Zu Letzteren gehört neben einer Dragqueen auch Reyhan Şahin, die unter dem Namen Lady Bitch Ray einen gewissen Bekanntheitsgrad geniesst. Die FAZ beschrieb sie als «armes Provokationswürstchen im goldenen Glitzerdarm mit giftiger Engstirnigkeit».

Als ginge es ihr darum, ebendies zu bestätigen, foutierte sich Şahin um die Würde ihres Amtes. Sie nutzte die Gelegenheit für einen Auftritt, der die versammelte Qualitätsjournaille sowie den alten und neuen Präsidenten in Verzückung versetzte.
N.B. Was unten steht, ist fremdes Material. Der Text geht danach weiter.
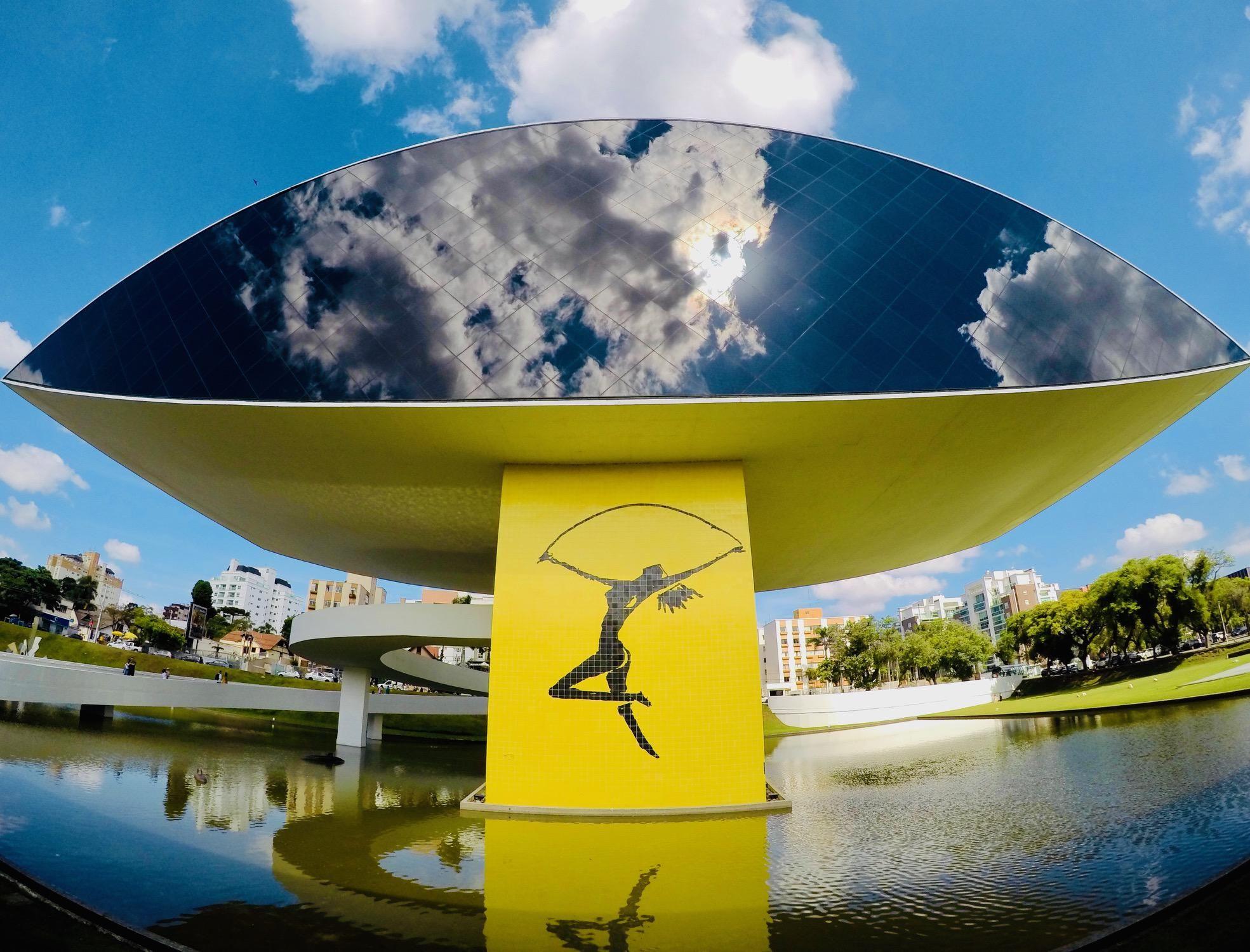 1969x1500 ITAP of Oscar Niemeyer Museum #PicOfTheDay #PhotoOfTheDay #Camera #Composition #Photoshop #Photolove. Curitiba, Photo, Photo background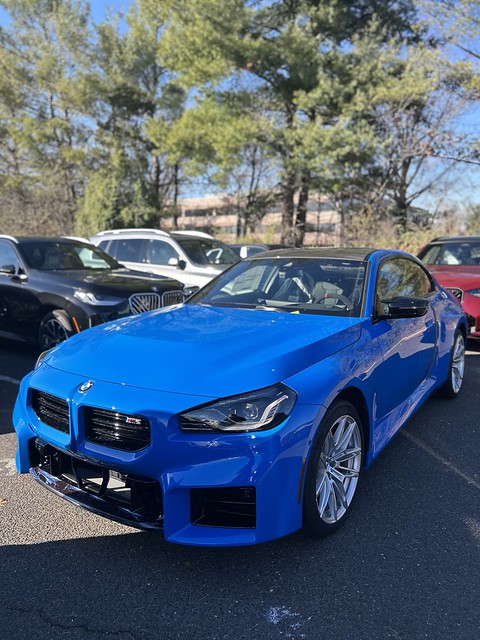 Blue BMW M2 G87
Hätte sie bloss zeigen wollen, dass das ganze Spektakel eine reine Farce war, weil die grösste Oppositionspartei auf eine eigene Kandidatur verzichtete und sich mit der Rolle des Claqueurs begnügte, wäre ihr Habitus perfekt gewesen. Doch die Kandidatin der Bremer Linken nutzte die Gunst der Stunde für eine politische Botschaft.

Unübersehbar zierte ihre Tasche der Slogan #noAfD. Damit verstiess sie nicht nur gegen eine demokratische Gepflogenheit, sie sprach einer legalen Bundestagspartei mit einem Wähleranteil von über zehn Prozent die Existenzberechtigung ab.

Konkret heisst das: Lady Bitch Ray, die ihre Schrillheit für Ausdruck von Toleranz hält, spricht einem Zehntel der Bevölkerung das Recht auf seine Meinung ab. Das ist totalitär.

Grossspurig verkündete der Präsident in der Rede zu seiner Wiederwahl: «Überparteilich werde ich sein, ja – aber ich bin nicht neutral, wenn es um die Sache der Demokratie geht. Wer für Demokratie streitet, der hat mich auf seiner Seite. Wer sie angreift, wird mich als Gegner haben.»

Nicht nur, dass er eine Chance verpasst hat, seinen Worten Taten folgen zu lassen. Er liess sie gewähren und hiess damit ihre demokratiefeindliche Haltung gut.